What are extensible CPS
Cyber-Physical Systems (CPS) have traditionally been designed as closed systems for specific domains. This design philosophy was necessitated by the stringent requirements on system correctness, reliability, security and privacy. However, with increasing push towards open architectures and the emphasis on integration of CPS with Internet of Things (IoT), cloud computing, and online data analytics, as evidenced by the increasing interest in Smart City cyber-physical applications, the trend in CPS design and deployment is transitioning towards a more open and dynamic approach. This results in extensible CPS that are not built as a single function system, but rather as loosely connected, networked platforms comprising subsystems pertaining to different domains. These heterogeneous cyber-physical platforms simultaneously host multi-domain cyber-physical applications and their behavior cannot be encoded a priori, but it evolves over time depending on the hosted applications.

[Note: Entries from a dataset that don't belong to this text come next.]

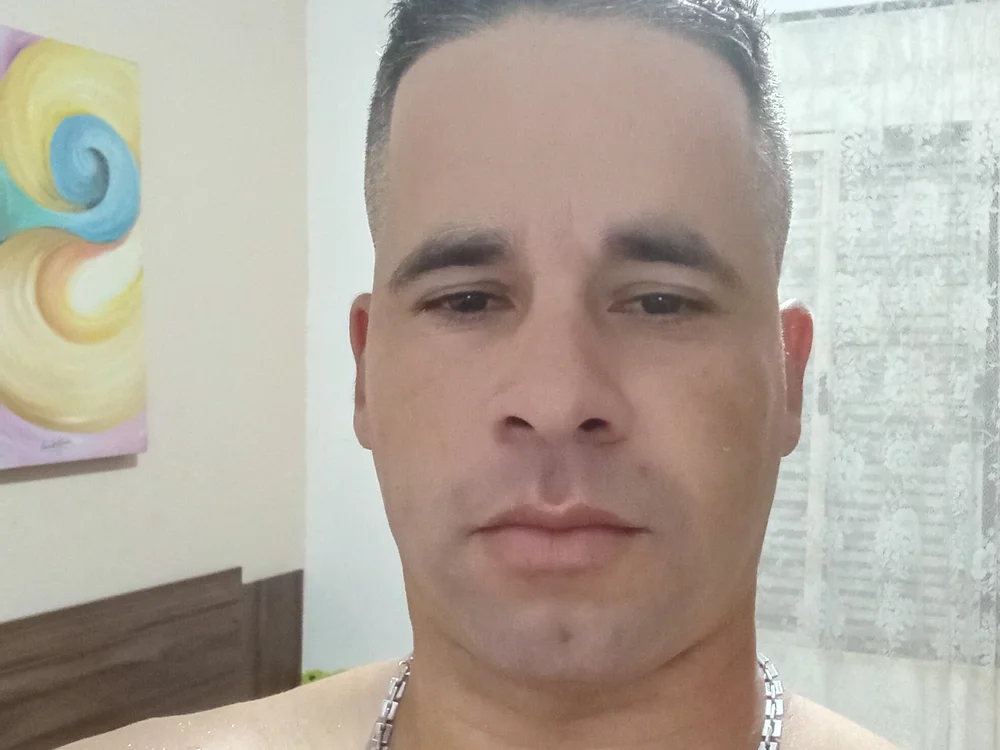 jucatarado87's Offline Chat Room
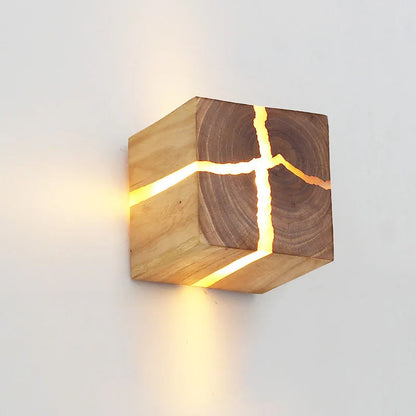 WoodAura Wandleuchte | Handgeschnitztes Design aus massivem Holz und Harz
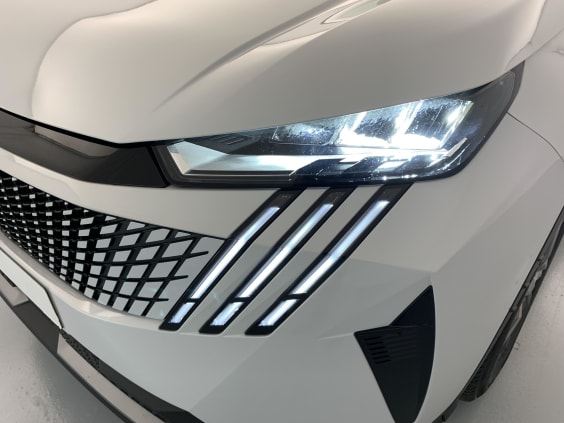 Peugeot 5008 Hybrid 145 e-DCS6 Allure Blanc Okénite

Following are the key properties of extensible CPS:
- Multitenancy: An extensible cyber-physical platform can host multiple applications running simultaneously.
- Dynamicity: Dynamic nature of resources provided by platforms and functionalities provided by application hosted on such platforms results in a system that can expand or contract at any time.
- Remote deployment: Resources of certain domains (such as UAVs, satellites) are remotely deployed.
- Heterogeneity: Resources of a platform can have distributed ownership resulting in varying hardware, operating system, and middleware.
- Resilience: This is a critical desired property of extensible cyber-physical platforms as they are often safety critical and susceptible to failures and anomalies due to complex interdependencies.
CHARIOT-ML
CHARIOT-ML is a textual DSL developed using Xtext. Figure below presents different first class modeling concepts in CHARIOT-ML, their interdependencies (left side of the figure), and different entities modeled using those concepts (right side of the figure).Brief description of different modeling concepts is also provided below.
Figure: Modeling concepts and their inter-dependencies in CHARIOT-ML (left side), and entities modeled for a system (right side).
- Data types: Most basic modeling construct. It facilitates modeling of data types used for interaction as well as computation. CHARIOT-ML supports data types that are common across popular programming languages and middleware solutions. This is what allows interoperability as interaction and computation modeled in CHARIOT-ML can be used with different programming languages and middleware solutions.
- Functionalities: These are logical concepts used to model functions with inputs and outputs using data types. Functionalities are provided by components and they can be composed to form objectives.
- Compositions: Logical groups of functionalities, where each functionality can be part of multiple compositions and functionalities of same composition can have inter-dependencies. Objectives are instantiations of compositions.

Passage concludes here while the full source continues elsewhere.